Jackalope
Hello! Our team at Sciforce had developed a new tool, that allows to create users to create their own standard concepts in SNOMED hierarchy using SNOMED CT Compositional Grammar, without breaking compatibility for network studies. The tool is meant to be applied at ETL stage to increase mapping coverage for important concepts that do not have a precise counterpart – and to guarantee internal compatibility of custom Standard concepts through automated evaluation against SNOMED hierarchy. You can not use these concepts to define concept sets, but they will be placed “correctly” in the CONCEPT_ANCESTOR table, meaning you can define concept sets as usual, and have these new concepts included for you.
Jackalope was pre-presented on OHDSI APAC and Health Data Interests WG community call, as well as a poster presentation at OHDSI '22 Symposium.
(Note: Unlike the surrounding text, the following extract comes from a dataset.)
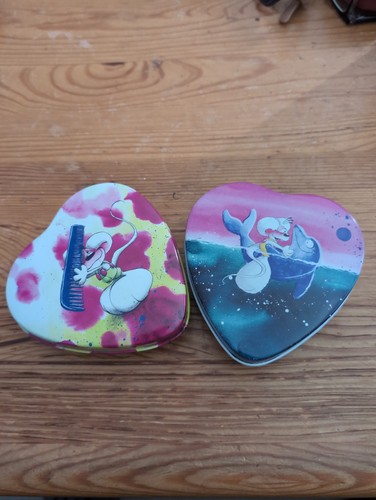 Blechdose retro diddl maus - ,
The tool is obviously open-source. We are looking to make Jackalope if not standard, than usual and accepted solution for OMOP CDM ETL, and we look for community input.
How to participate:
The most important step for development of Jackalope now is to live-test it with actual data. This would achieve the following:
- You get better coverage of mapping of your source data to OMOP CDM.
- We get to improve Jackalope, bringing it closer to real-world application use case.
- Entire OHDSI community benefits from the introduction of a brand new approach to Standardization of data.
If you are not sure if ETL approach of Jackalope is applicable to your data, you can help us a lot by providing any number of examples of concepts that you could not map to OMOP CDM, and had to deal with loss of precision, or making other concessions.
Of course, contributions in form of convention suggestions or commits to Jackalope source code are also welcome.
If you want a better idea of how is everything implemented, unfold the collapsed text below. Also, community calls & symposium links contain a lot of information.
FAQ is displayed on click.
Q: Why not just map everything to existing Standard concepts?A: Mapping to Standard concepts is a reliable and a correct way to represent source data in OMOP CDM – in absolute majority of cases. That is why these concepts are Standard. However, in some cases (e.g. new technologies, domain-specific terminology or local specifics), mapping to existing Standard concepts may lead to a loss of precision.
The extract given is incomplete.